YOUR ASSIGNMENT:
Your answer should consist only of the lines from the line containing "لابراتوار دندانسازی پرشین در گناوه" through the last line below, each repeated exactly.

RECORDED INFORMATION:
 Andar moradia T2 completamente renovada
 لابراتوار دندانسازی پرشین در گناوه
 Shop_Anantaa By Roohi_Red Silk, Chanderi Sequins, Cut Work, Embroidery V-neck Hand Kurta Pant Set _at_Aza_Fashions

ANSWER FOR THE TASK:
 لابراتوار دندانسازی پرشین در گناوه
 Shop_Anantaa By Roohi_Red Silk, Chanderi Sequins, Cut Work, Embroidery V-neck Hand Kurta Pant Set _at_Aza_Fashions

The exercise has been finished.